* [Task objective] Would you please output, word for word, the span of the listing below that opens on the line containing "Pendentif solitaire topaze Une Promesse - 3" and closes on the line containing "Hat and Beyond"? Include both ends and nothing more.

* [Data excerpts]
○ ○ ○ ○ ○ ○ ○
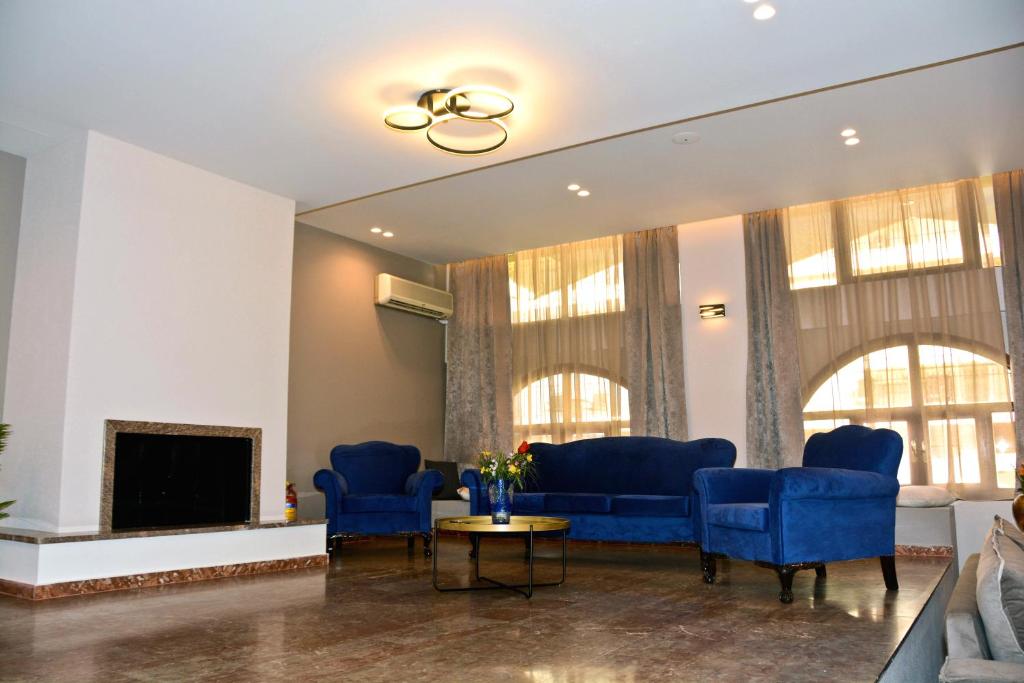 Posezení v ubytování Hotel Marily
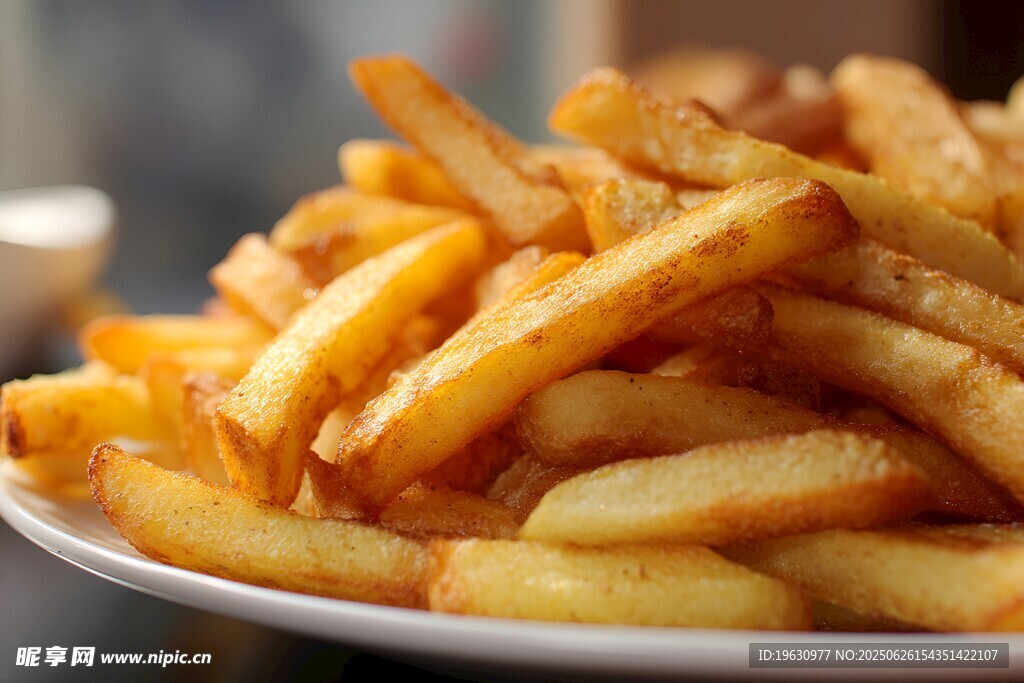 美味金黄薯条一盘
○ ○ ○ ○ ○ ○ ○
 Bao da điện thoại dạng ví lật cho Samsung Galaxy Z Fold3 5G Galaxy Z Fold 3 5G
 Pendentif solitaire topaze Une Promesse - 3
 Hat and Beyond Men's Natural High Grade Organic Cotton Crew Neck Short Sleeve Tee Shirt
○ ○ ○ ○ ○ ○ ○
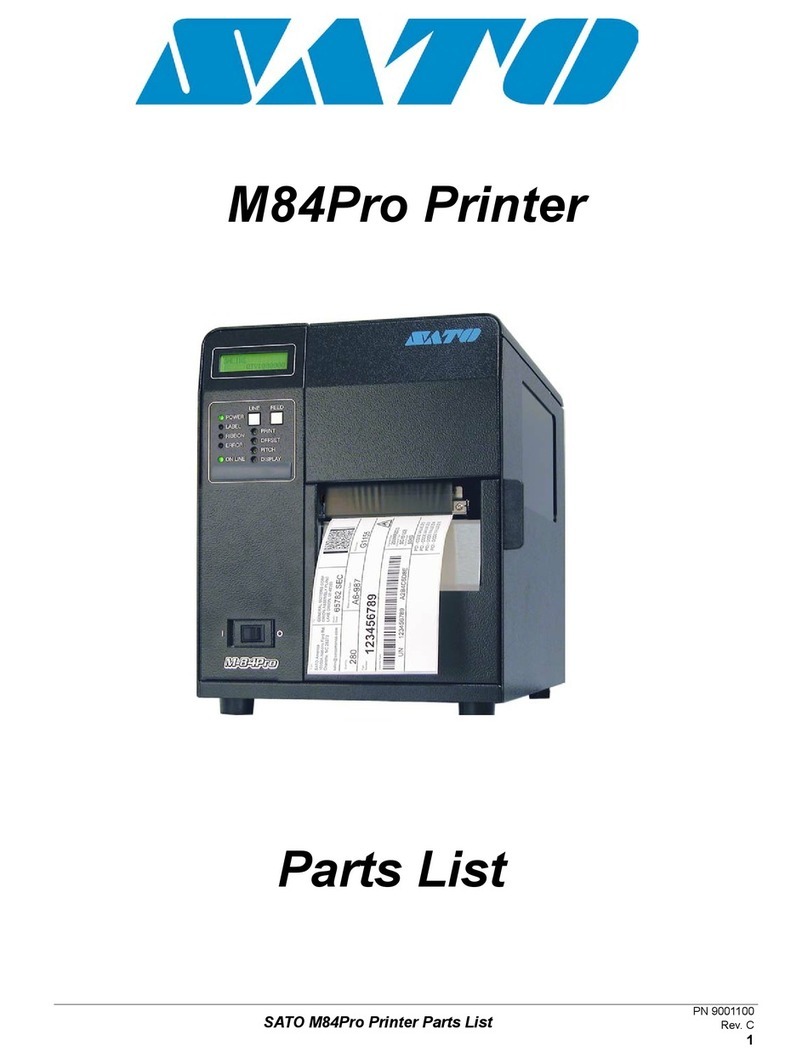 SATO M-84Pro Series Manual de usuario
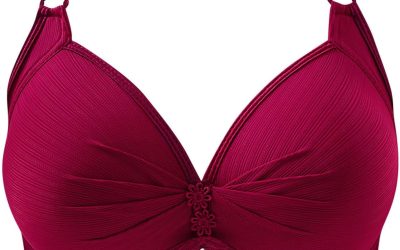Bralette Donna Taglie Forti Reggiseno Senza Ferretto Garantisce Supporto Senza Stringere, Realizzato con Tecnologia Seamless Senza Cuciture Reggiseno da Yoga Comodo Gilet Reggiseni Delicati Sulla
○ ○ ○ ○ ○ ○ ○
* [Reply]
 Pendentif solitaire topaze Une Promesse - 3
 Hat and Beyond Men's Natural High Grade Organic Cotton Crew Neck Short Sleeve Tee Shirt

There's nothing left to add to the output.